### Extracted data
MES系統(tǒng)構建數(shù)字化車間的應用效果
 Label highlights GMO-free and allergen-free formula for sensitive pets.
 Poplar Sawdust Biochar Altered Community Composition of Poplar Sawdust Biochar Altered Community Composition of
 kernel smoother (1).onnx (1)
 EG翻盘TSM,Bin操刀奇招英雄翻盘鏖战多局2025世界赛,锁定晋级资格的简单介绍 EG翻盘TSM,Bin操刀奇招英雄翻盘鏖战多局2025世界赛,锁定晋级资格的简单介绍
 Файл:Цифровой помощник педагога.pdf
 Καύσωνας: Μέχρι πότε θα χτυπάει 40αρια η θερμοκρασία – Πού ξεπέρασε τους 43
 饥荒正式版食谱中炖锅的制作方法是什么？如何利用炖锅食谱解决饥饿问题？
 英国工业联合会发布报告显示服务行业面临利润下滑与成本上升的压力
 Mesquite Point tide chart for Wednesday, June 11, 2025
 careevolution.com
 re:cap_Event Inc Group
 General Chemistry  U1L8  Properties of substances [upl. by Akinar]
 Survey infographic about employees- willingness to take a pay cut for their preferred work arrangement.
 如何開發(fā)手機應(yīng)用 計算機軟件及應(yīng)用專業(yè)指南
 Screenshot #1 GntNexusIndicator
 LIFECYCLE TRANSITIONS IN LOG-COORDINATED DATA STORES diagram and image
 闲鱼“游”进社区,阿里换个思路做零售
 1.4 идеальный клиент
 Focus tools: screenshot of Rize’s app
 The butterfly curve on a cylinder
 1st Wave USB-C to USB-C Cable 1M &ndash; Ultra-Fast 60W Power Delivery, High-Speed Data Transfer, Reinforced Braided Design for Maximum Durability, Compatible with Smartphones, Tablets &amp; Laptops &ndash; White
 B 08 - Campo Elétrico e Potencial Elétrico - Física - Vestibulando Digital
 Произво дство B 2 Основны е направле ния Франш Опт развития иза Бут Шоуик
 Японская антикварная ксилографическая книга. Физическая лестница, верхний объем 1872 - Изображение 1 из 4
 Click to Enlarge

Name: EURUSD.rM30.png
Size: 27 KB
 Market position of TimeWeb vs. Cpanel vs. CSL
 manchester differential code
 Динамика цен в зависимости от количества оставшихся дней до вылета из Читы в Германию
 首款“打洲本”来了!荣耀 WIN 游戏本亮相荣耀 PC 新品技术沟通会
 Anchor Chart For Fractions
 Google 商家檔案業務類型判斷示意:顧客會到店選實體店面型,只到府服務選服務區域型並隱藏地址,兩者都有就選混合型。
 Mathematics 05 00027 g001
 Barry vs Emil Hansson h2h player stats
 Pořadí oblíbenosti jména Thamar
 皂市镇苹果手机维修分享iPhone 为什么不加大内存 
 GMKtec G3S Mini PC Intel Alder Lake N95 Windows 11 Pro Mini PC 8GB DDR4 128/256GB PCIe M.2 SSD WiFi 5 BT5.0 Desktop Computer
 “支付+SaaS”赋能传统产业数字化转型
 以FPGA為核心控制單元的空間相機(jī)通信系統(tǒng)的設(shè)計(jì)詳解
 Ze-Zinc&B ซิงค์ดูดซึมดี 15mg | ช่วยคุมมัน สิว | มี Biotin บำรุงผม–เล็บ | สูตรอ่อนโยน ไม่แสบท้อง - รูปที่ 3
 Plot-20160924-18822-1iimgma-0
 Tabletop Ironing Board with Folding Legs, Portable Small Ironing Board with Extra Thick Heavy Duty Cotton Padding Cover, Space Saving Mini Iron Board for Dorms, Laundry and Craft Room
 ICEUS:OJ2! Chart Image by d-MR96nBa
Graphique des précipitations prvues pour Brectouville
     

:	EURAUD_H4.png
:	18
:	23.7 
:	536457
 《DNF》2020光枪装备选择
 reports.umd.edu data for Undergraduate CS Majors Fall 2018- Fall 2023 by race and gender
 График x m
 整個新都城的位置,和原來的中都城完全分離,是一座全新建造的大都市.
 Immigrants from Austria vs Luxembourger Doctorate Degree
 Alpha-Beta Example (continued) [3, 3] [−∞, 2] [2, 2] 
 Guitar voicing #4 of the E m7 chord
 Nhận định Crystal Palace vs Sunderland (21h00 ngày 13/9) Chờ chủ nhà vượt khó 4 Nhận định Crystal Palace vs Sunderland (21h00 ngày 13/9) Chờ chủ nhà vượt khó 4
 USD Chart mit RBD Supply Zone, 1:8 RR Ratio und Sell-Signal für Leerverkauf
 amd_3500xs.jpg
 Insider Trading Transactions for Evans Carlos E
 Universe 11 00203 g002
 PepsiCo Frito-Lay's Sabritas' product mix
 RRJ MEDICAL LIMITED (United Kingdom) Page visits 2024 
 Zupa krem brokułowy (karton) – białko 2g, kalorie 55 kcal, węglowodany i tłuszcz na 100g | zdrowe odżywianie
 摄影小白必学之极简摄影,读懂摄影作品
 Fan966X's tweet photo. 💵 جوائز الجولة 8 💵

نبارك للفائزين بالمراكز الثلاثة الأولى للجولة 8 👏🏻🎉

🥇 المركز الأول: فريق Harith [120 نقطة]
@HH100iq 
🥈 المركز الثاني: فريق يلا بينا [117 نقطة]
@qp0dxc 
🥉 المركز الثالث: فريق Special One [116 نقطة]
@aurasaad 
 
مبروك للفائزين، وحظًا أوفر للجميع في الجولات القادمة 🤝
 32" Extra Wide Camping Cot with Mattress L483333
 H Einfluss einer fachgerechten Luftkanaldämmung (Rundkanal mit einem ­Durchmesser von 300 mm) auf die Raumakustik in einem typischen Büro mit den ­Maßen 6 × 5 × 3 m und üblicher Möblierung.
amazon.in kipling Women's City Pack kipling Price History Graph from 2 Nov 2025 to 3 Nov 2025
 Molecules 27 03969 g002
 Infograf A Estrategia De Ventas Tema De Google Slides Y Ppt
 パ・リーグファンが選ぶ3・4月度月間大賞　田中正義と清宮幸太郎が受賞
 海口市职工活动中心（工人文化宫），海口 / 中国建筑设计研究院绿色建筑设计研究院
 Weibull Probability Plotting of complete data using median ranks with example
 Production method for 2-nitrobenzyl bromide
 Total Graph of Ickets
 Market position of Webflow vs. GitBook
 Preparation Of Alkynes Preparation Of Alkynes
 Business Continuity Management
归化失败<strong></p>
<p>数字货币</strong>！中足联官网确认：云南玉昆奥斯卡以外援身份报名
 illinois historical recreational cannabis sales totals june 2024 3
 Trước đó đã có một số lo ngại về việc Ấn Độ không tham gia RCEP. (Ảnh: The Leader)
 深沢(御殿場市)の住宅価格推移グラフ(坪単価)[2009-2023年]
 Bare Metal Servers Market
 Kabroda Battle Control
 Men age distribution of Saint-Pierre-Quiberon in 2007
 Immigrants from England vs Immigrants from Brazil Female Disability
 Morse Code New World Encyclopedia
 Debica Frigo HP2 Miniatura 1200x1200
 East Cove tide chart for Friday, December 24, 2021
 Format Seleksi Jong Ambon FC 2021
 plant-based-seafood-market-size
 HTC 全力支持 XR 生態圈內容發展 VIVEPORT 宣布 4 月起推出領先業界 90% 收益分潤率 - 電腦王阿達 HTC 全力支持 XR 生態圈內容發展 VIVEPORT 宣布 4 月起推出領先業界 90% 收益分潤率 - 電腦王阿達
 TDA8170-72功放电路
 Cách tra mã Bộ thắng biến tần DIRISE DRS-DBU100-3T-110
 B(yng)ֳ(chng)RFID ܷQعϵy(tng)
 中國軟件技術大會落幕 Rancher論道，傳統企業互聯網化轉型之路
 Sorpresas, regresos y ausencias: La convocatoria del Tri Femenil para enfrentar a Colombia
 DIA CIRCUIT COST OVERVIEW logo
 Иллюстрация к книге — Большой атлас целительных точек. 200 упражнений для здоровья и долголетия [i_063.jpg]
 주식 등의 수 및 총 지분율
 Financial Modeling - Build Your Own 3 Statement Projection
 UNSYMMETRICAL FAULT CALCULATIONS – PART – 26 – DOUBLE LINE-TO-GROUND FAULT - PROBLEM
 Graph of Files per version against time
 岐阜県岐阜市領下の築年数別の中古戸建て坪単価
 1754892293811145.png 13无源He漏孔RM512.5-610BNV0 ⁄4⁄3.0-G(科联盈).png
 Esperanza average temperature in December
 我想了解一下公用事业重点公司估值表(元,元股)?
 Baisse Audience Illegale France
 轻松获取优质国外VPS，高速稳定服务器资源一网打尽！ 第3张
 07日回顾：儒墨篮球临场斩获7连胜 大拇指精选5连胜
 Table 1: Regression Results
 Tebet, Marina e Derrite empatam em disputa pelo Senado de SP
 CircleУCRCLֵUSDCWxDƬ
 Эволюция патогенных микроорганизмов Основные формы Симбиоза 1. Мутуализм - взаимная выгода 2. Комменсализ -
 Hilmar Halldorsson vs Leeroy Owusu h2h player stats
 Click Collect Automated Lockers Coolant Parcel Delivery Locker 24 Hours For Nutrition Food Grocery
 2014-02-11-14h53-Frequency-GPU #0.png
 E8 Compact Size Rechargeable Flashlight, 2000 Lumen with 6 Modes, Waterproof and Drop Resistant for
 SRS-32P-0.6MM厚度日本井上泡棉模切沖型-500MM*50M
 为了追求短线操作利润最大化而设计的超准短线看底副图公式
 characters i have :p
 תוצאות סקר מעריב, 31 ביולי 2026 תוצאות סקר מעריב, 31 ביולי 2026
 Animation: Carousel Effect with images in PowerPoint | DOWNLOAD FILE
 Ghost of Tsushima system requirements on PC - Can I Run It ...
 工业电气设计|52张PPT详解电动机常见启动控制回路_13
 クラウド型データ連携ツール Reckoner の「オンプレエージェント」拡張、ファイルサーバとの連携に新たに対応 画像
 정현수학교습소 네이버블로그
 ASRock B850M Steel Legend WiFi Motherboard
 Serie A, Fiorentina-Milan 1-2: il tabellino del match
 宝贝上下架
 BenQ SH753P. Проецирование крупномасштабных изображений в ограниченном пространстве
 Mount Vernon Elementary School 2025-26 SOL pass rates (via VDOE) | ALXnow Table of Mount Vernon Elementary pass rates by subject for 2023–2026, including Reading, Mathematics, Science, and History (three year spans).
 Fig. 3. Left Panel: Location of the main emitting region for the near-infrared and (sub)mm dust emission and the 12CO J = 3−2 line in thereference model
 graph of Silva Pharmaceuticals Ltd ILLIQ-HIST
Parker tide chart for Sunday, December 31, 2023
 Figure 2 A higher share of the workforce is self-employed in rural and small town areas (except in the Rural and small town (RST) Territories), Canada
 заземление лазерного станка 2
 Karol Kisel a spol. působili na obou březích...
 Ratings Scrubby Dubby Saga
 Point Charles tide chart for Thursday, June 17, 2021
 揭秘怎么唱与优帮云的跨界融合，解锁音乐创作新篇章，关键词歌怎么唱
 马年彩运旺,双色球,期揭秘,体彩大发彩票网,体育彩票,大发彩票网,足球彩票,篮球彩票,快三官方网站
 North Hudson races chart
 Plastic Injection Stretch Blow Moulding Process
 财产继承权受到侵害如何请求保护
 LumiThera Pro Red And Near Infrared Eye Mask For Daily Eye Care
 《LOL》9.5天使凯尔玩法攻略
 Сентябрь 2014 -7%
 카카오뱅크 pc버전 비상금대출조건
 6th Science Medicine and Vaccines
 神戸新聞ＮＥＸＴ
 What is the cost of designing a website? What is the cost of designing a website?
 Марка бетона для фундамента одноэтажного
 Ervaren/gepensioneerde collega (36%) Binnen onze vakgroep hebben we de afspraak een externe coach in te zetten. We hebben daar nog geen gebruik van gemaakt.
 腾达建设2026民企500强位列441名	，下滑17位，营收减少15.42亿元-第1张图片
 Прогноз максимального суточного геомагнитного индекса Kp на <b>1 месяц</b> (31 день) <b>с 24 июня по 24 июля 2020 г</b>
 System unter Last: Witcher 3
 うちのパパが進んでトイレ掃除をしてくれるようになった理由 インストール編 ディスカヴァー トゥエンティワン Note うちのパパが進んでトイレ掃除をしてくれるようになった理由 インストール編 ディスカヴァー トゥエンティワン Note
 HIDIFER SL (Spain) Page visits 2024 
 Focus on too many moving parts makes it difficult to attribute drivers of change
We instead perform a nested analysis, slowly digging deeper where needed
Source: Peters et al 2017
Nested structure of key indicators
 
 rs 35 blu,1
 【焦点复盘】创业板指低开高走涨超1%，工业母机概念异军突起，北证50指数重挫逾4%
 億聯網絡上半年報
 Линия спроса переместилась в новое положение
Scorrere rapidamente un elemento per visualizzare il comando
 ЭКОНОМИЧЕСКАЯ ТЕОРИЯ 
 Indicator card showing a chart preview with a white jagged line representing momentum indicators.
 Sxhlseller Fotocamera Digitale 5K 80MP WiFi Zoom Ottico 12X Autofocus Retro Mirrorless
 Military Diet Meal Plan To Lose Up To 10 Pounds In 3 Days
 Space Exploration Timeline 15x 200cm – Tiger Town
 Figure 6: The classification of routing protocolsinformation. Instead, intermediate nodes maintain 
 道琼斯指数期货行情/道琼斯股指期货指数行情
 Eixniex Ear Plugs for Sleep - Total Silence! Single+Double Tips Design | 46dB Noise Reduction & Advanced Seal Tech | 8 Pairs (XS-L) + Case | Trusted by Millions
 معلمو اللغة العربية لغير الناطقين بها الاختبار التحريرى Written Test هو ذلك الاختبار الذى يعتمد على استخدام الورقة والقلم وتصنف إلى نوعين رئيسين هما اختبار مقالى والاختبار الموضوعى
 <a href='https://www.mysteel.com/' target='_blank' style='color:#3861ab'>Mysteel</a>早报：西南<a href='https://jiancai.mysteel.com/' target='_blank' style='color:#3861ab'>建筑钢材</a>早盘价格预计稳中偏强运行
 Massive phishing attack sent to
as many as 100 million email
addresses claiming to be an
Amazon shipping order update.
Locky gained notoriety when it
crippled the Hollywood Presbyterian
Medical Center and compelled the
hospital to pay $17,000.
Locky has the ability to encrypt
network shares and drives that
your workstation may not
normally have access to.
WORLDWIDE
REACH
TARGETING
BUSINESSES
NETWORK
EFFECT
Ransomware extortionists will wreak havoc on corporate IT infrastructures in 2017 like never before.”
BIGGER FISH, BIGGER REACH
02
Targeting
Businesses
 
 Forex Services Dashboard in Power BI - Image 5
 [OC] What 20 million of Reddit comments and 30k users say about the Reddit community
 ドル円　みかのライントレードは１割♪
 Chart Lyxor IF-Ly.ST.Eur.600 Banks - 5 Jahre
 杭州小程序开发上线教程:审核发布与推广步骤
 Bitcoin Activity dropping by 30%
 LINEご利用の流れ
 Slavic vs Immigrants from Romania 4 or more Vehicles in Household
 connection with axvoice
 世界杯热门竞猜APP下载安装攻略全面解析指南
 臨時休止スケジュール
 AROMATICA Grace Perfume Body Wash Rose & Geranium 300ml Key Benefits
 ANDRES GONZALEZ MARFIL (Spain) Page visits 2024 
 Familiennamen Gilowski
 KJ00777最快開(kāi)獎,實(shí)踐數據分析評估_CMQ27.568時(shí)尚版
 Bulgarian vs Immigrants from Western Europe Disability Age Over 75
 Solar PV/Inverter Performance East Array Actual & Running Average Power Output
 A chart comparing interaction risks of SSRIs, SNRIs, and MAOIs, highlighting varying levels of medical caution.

### Task instructions
Beginning with the line that contains "Solar PV/Inverter Performance", write out every line through the end of the entries above, exactly.

### Exercise solution
 Solar PV/Inverter Performance East Array Actual & Running Average Power Output
 A chart comparing interaction risks of SSRIs, SNRIs, and MAOIs, highlighting varying levels of medical caution.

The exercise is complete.